The remainder of the weekend was a truce. Niccolo pulled himself away from his work on Sunday morning to make coffee and homemade ciambella to celebrate A’s on two of Josh’s summer school exams. In the evening they convinced Rooney to take a stroll through the neighborhood and wandered toward Casey and Jon’s with the leftover cake in hand. But on Monday morning Niccolo was ready to go by six, and before he left the bedroom, he warned her he might be late for dinner, too.

“I have a breakfast meeting with someone from Catholic Charities,” he said on his way out the door. “They want me on their board.”

She turned over to glare at him. “And you’re going to say no, right?”

“Most likely.”

She didn’t like the sound of that, and her reaction must have been obvious. “The contacts would be great,” he added. “That’s the only reason I’m hesitating.”

“You could open a new branch of the United Way while you’re at it. Those contacts would be great, too.”

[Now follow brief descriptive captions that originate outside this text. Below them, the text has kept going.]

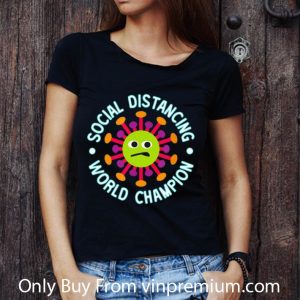Premium Social Distancing World Champion Introvert Coronavirus shirt 2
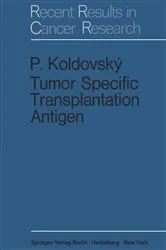 Book cover of Tumor Specific Transplantation Antigen by Pavel Koldovsky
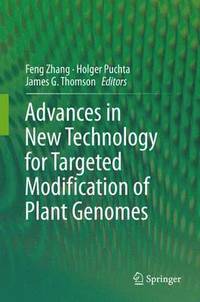 bokomslag Advances in New Technology for Targeted Modification of Plant Genomes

“You’re going to be at the saloon?”

She had told him she would be. Now that the necessary repairs had been done to the tunnel, she wanted to finish clearing the second storeroom. She didn’t know whether she would ever use it or not. She was inclined to permanently seal off the tunnels as soon as she and Niccolo could come to an agreement, but in the meantime, cleaning out the stacks of trash was something to do. She had asked Niccolo to build a small display case at the front of the saloon for memorabilia. She knew others would find some of the correspondence and newspapers and lists of supplies as interesting as she did.

She turned away from him and pulled the sheet higher. “You can find me in the bowels of the earth if you need me.”

“I’ll see you there.”

She doubted it very much.

She did see him for a few minutes at lunchtime. He stopped by the picnic table on his way out to buy more supplies. “Good meeting this morning?” she asked.

“Productive.”

“You told them no?”

“Almost. I said I’d think about it.”

“There are probably a few free minutes between midnight and 12:05 to give it some thought.”

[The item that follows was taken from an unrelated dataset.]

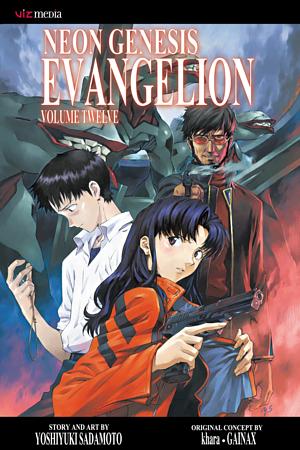 Neon Genesis Evangelion, Vol. 12 by Yoshiyuki Sadamoto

“Megan, I’m sorry, but don’t hold dinner for me. You go ahead and eat, and I’ll grab something when I get there.”

She didn’t even ask where he would be. Somebody needed him, and he felt compelled to go. “Let me write down our address, in case you forget where we live.”

He had already turned to go. Now he turned back. She’d expected irritation, but he looked contrite. “Let’s plan a weekend away. Soon. Just you and me. Where nobody can get to us. Okay?”

She managed a smile, although she suspected this was an invitation that would never materialize. “Okay.”

“I’ll see you later.”

She shook her head as he walked away.

The afternoon was hot and muggy, and she wasn’t sorry to go back down into the tunnel, which was cooler, even if not the most pleasant of atmospheres. She hurried past the image without a glance, then turned back to study it, training her high-powered flashlight directly on it. Niccolo and the Brick kids had redone some of the plumbing that week. There had been no indication of a leak, but he’d asked her to check and see if the image had changed. It looked the same to her, eerily like the beckoning Virgin Mary. No tears today, but the image was as clear as the first day she’d seen it.